• [WORK TASK]:
Quote the entries in full, character for character, without their images.

[Stored dataset items]
• • •

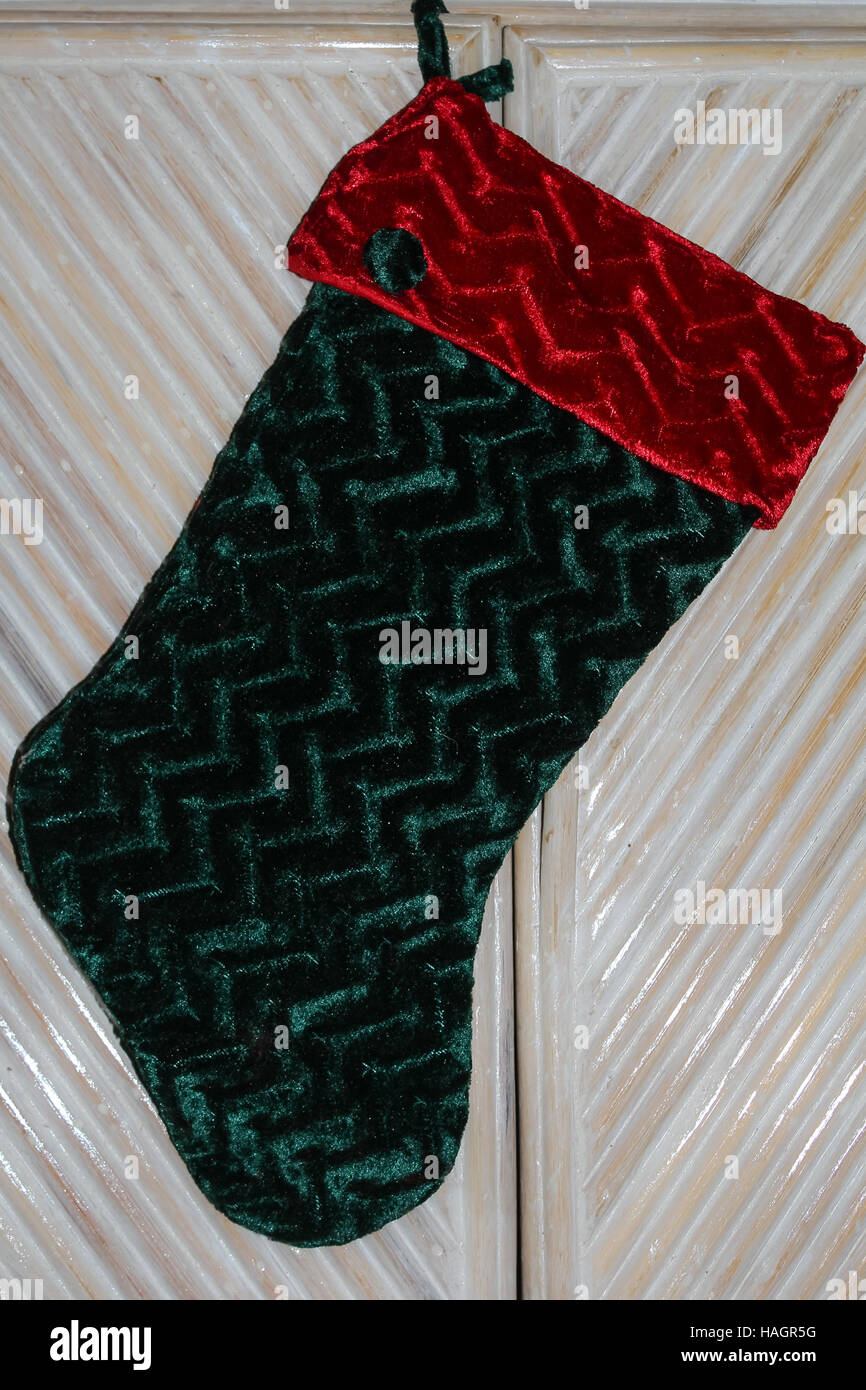 Christmas stocking of red and green textured velvet hanging from bamboo furniture for a home with no fireplace Stock Photo
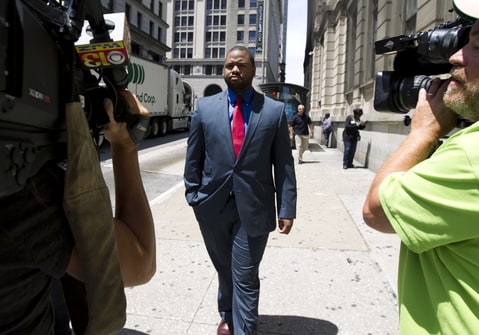 Baltimore police Officer William Porter, one of six Baltimore city police officers charged in connection to the death of Freddie Gray, leaves the courthouse, after testifying in the trial of Officer Caesar Goodson, Monday, June 13, 2016, in Baltimore Md. Porter's trial in the Gray case ended in mistrial. He will be tried again in September.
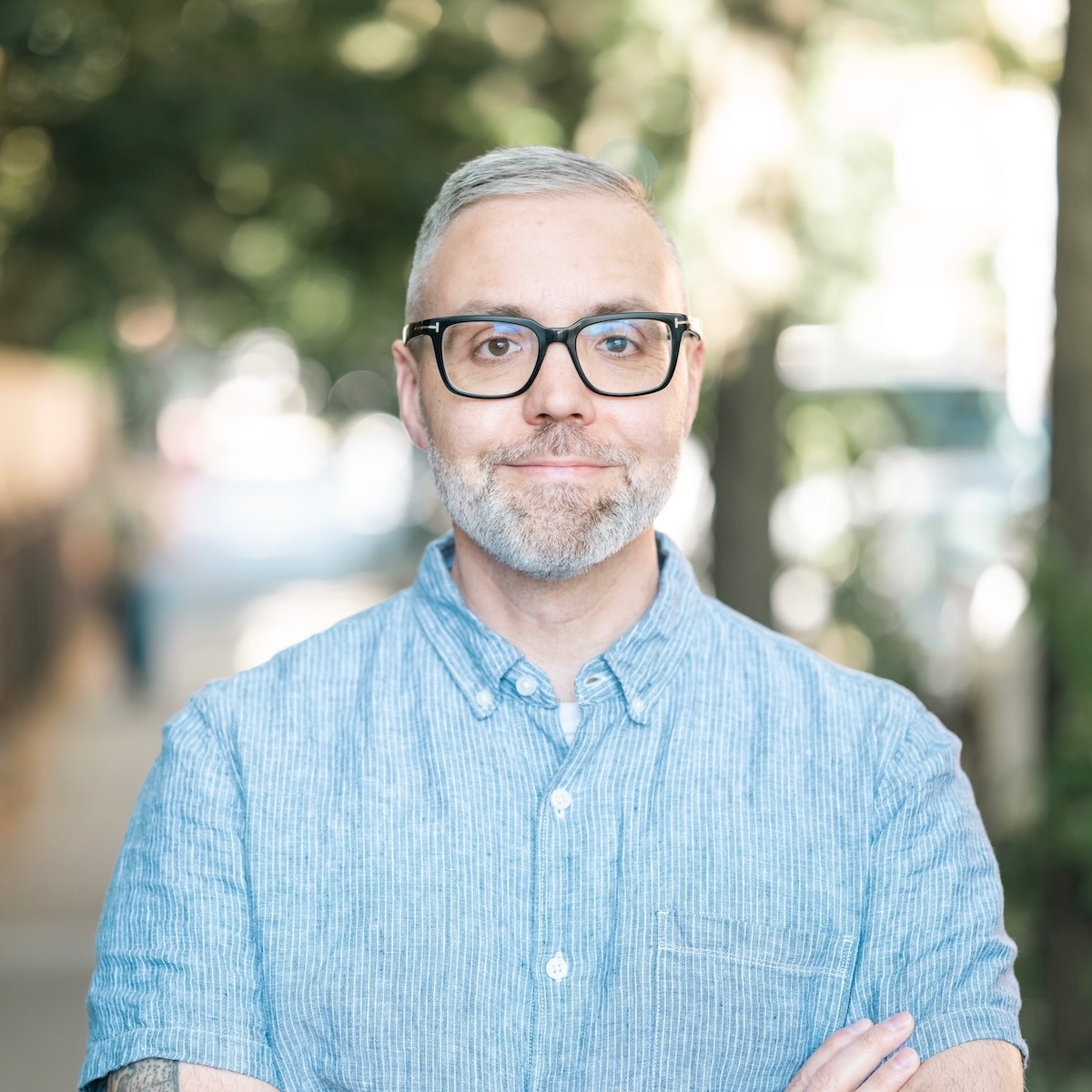 Man with glasses and gray hair, wearing a blue shirt, standing outdoors with blurred trees and sunlight in background.
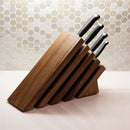 Four black-handled knives are neatly arranged in the Messermeister Next Level Magnetic Knife Block - UV Light by Messermeister, sitting on a white countertop with a hexagonal tile backsplash in the background.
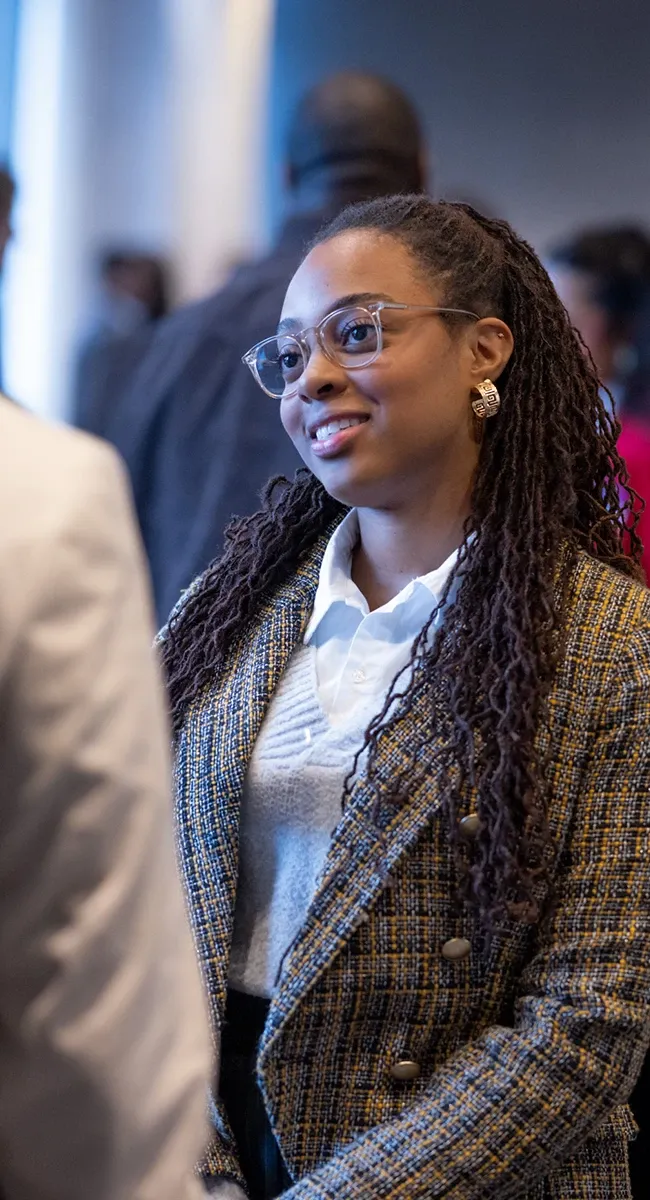 Student in discussion at networking event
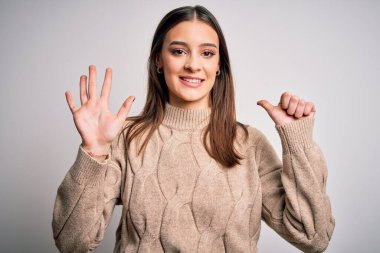 Genç, güzel, esmer, sıradan bir süveter giyen, beyaz arka plan üzerinde duran, altı numarayı gösteren, kendinden emin ve mutlu bir şekilde gülümseyen bir kadın..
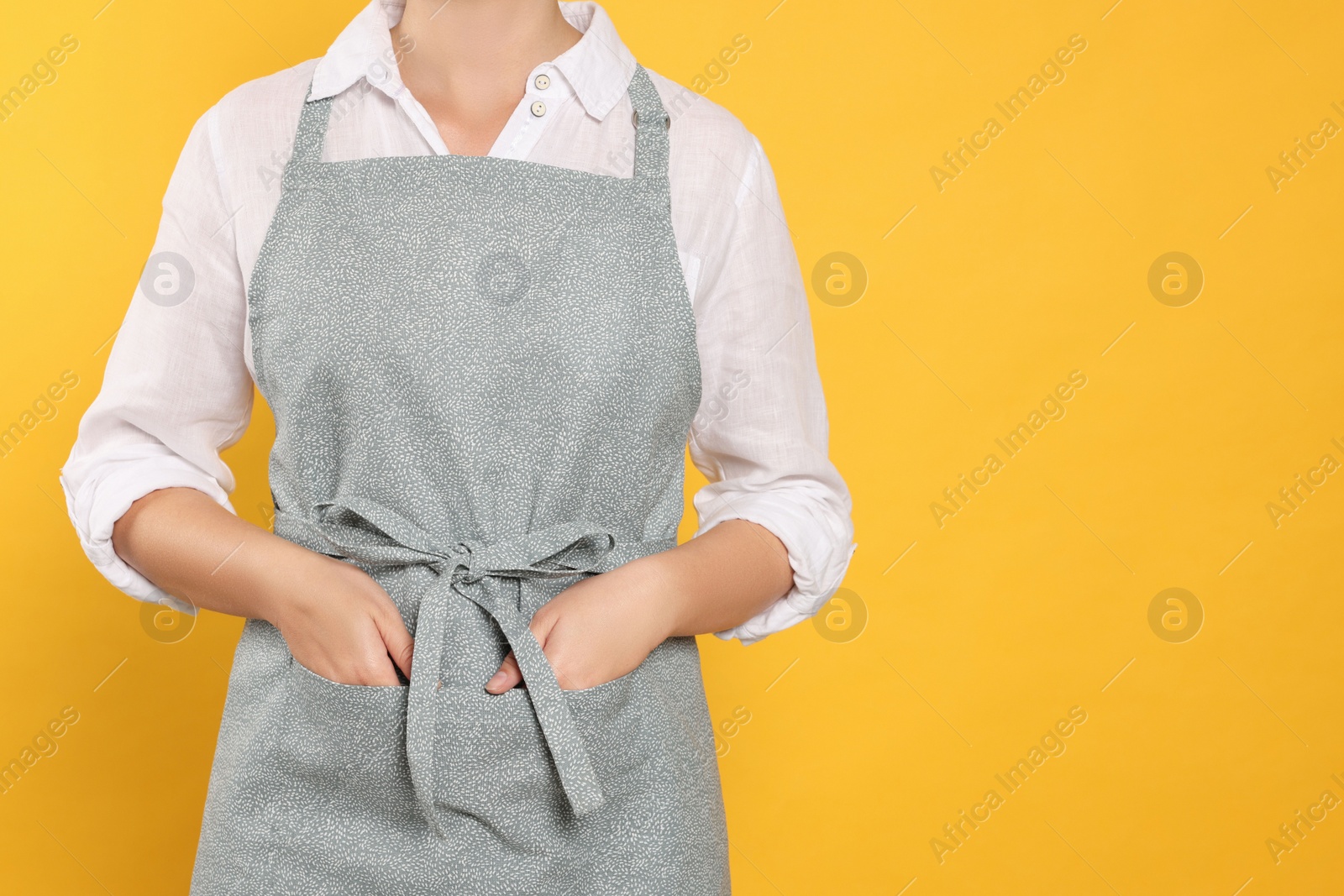 Photo of Woman in clean apron with pattern on orange background, closeup. Space for text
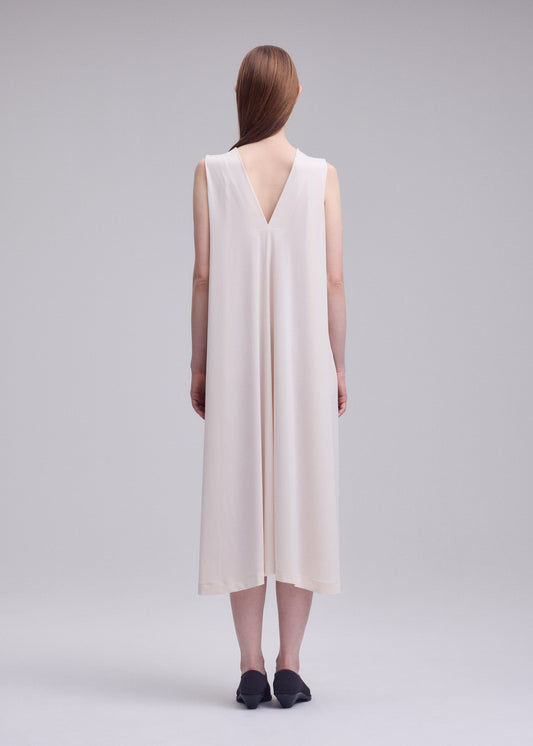 A model wears the ISSEY MIYAKE DRAPE JERSEY-68 drape-jersey-68-dress-off-white.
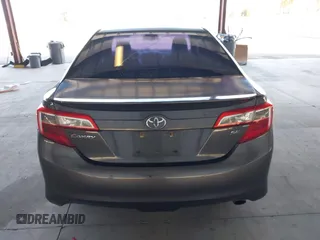 2012 Toyota Camry L with VIN 4T1BF1FKXCU617498, listed as a IAAI auction lot 42114337 with 323,770 mi miles. Bid and sale history available at carsss.com. Image 16.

• • •

• [RESPONSE BOX]:
 Christmas stocking of red and green textured velvet hanging from bamboo furniture for a home with no fireplace Stock Photo
 Baltimore police Officer William Porter, one of six Baltimore city police officers charged in connection to the death of Freddie Gray, leaves the courthouse, after testifying in the trial of Officer Caesar Goodson, Monday, June 13, 2016, in Baltimore Md. Porter's trial in the Gray case ended in mistrial. He will be tried again in September.
 Man with glasses and gray hair, wearing a blue shirt, standing outdoors with blurred trees and sunlight in background.
 Four black-handled knives are neatly arranged in the Messermeister Next Level Magnetic Knife Block - UV Light by Messermeister, sitting on a white countertop with a hexagonal tile backsplash in the background.
 Student in discussion at networking event
 Genç, güzel, esmer, sıradan bir süveter giyen, beyaz arka plan üzerinde duran, altı numarayı gösteren, kendinden emin ve mutlu bir şekilde gülümseyen bir kadın..
 Photo of Woman in clean apron with pattern on orange background, closeup. Space for text
 A model wears the ISSEY MIYAKE DRAPE JERSEY-68 drape-jersey-68-dress-off-white.
 2012 Toyota Camry L with VIN 4T1BF1FKXCU617498, listed as a IAAI auction lot 42114337 with 323,770 mi miles. Bid and sale history available at carsss.com. Image 16.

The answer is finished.